Olivia is one of many young people in Wales who feel they have been failed by both the child and adolescent mental health services (CAMHS) and her school.

“Schools across the UK and Wales do not have to have a standalone mental health policy and while wellbeing was promoted in our school, mental health was rarely discussed so I never really realised that I was ill until it was almost too late,” says Olivia. 

“I reached a really low point when I was about sixteen and attempted to take my own life,” she continues. “It was only then that I realised there was something wrong.” 

She was referred to CAMHS, which is all NHS services that deal with mental health difficulties in young people. Olivia received 12 weeks of therapy and tried different antidepressant medication, but after that period she felt the same as when she was first referred. Now at the age of 24, nearly eight years after her first experience of the service, she believes that it still remains underfunded and understaffed. 

“I was disappointed because they didn’t provide me with the help I needed, after 12 weeks I still felt exactly the same,” Olivia adds. “I felt so lost and let down. I was trapped in a system that couldn’t help me.” 

Olivia continued to say that schools need to be doing more to help children, primarily with educating them on symptoms and having teachers trained so they can intervene early. 

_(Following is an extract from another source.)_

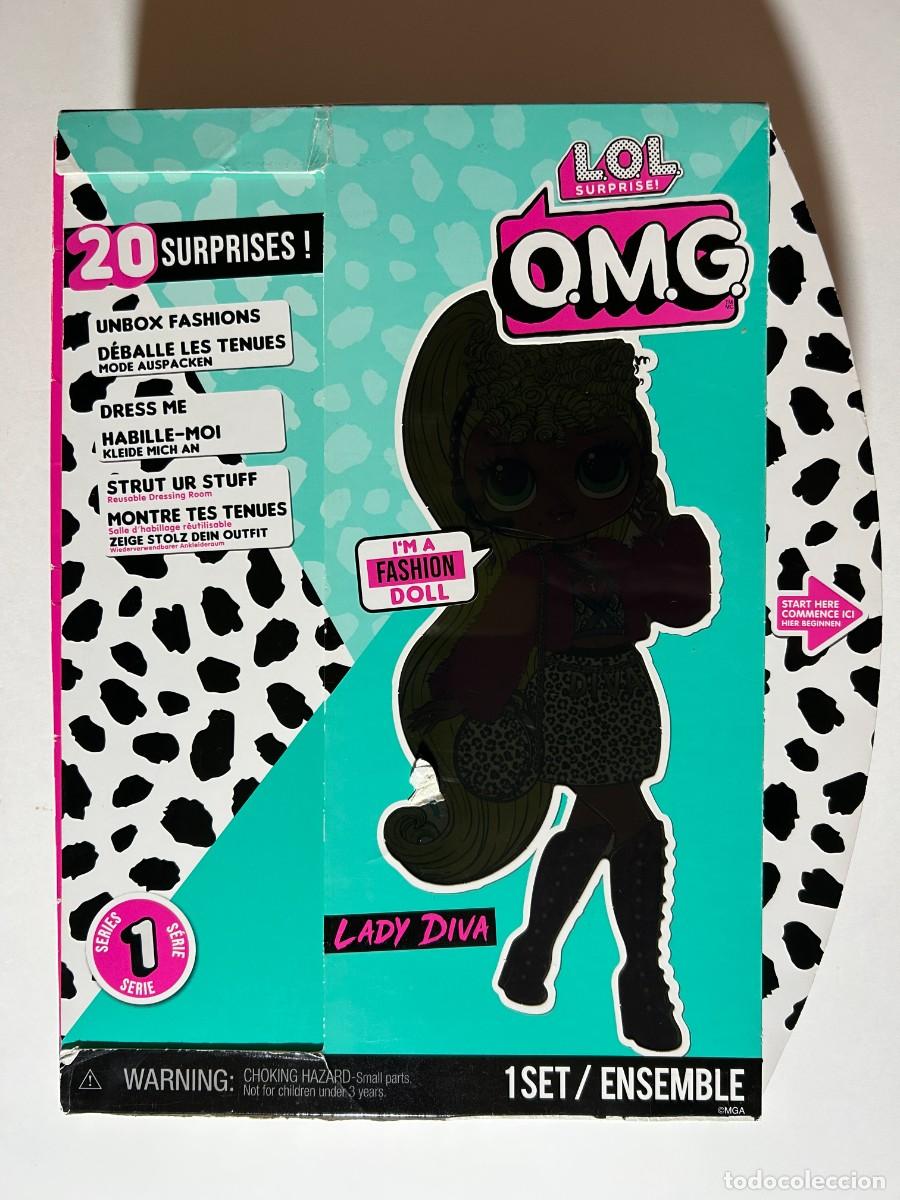 Mu&ntilde;ecas Modernas: LOL OMG Lady Diva LOL OMG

Mental health support in schools could be the answer to the demand currently on CAMHS. If children were taught from an early age about different symptoms to look out for, if teachers had basic training on how to support young people and were educated on how to intervene early, then this could seriously reduce the amount of children being referred to CAMHS. 

It has been estimated that three children in an average sized classroom will have a mental health problem, reaching epidemic levels. Credit: NeONBRAND on Unsplash

A big part to play

Charities across Wales are calling on the government to provide better support for children in schools and make mental health a key part of the national curriculum. Mind Cymru did a survey of 3,000 children, aged between 11-19, asking about mental health support in their schools. They found that 44% didn’t find the support at school helpful, 56% wouldn’t feel confident approaching teachers or other staff and 48% wouldn’t know where to go to get support in school. 

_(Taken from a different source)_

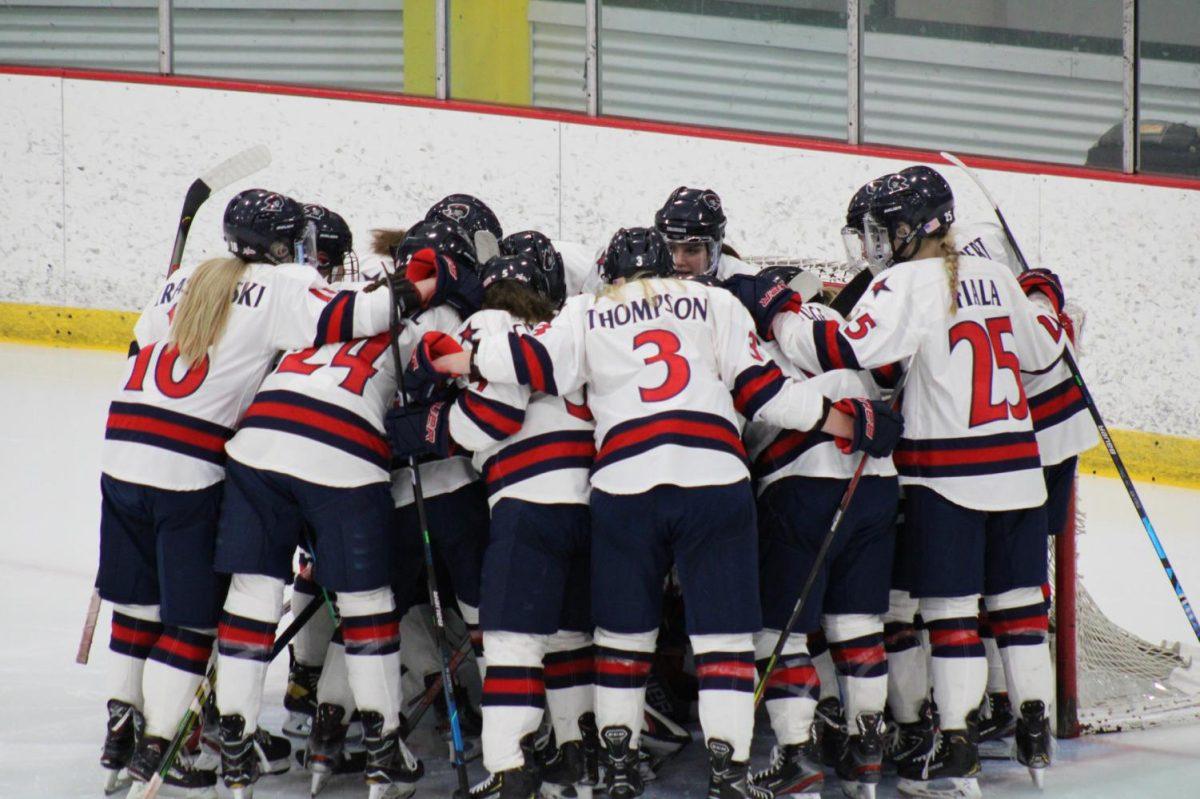 The end is near for the donation period for the hockey programs. Photo Credit: Nathan Breisinger/Colonial Sports Network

Emily Graham, the senior policy and campaigns officer at Mind, says: “Schools are a key part of life for most children and young people, and have a big role to play when it comes to mental health for both students and staff. The educational system must focus on more than academic achievement and value everyone’s mental health and wellbeing.”

She continued that the survey made it clear that more needs to be done by schools to ensure all young people get the support they need. 

This is important when considering poverty, as an article published by BJPsych International found that people with mental health problems are at increased risk of economic hardship. They are more likely to be in debt, have limited education and have limited access to services. 

Poverty levels have also increased due to the UK government’s austerity measures, placing pressure on families and allowing youth services operated by local authorities to suffer. 

What are the Welsh government doing?

The Welsh Children, Young People and Education committee published their Mind over Matter report in April 2018 on the mental health of young people, explicitly stating what framework needs to be put into place to help tackle the growing crisis. 

“The educational system must focus on more than academic achievement and value everyone’s mental health and wellbeing.”

They have also recently started to investigate the wellbeing of children, the support being offered to them in schools and whether barriers to accessing support has increased as part of their inquiry into education otherwise than at school. The committee recently published the responses to their consultation, but the investigation is ongoing to improve services. 

As a response to their original report the Welsh government announced they will be adding an extra £7.1m to their current budget (£650m) that will go towards mental health provisions. This now aligns more with their budget towards physical health, showing things are moving in a positive direction.

The extra money is going towards enforcing their ‘whole school’ approach to mental health. Announced in 2018, the aim is for schools to put mental health and wellbeing at the centre of schools’ ethos, hoping to be an effective method of prevention and early intervention. 

Below is a video with a proposed action plan for schools in Wales that could be used to help tackle the crisis:

If the increased budget is being used towards better support for children using a strategic action plan then hopefully progress will be made. This will lead to reduced pressure on CAMHS and less children feeling as if they’ve been failed, like Olivia. It will also decrease the risk of children facing economic hardship later in life due to their mental health problems because they would be more likely to get better support. 

However, schools ultimately need to step into their role within the mental health crisis in young children and start working towards creating a better future.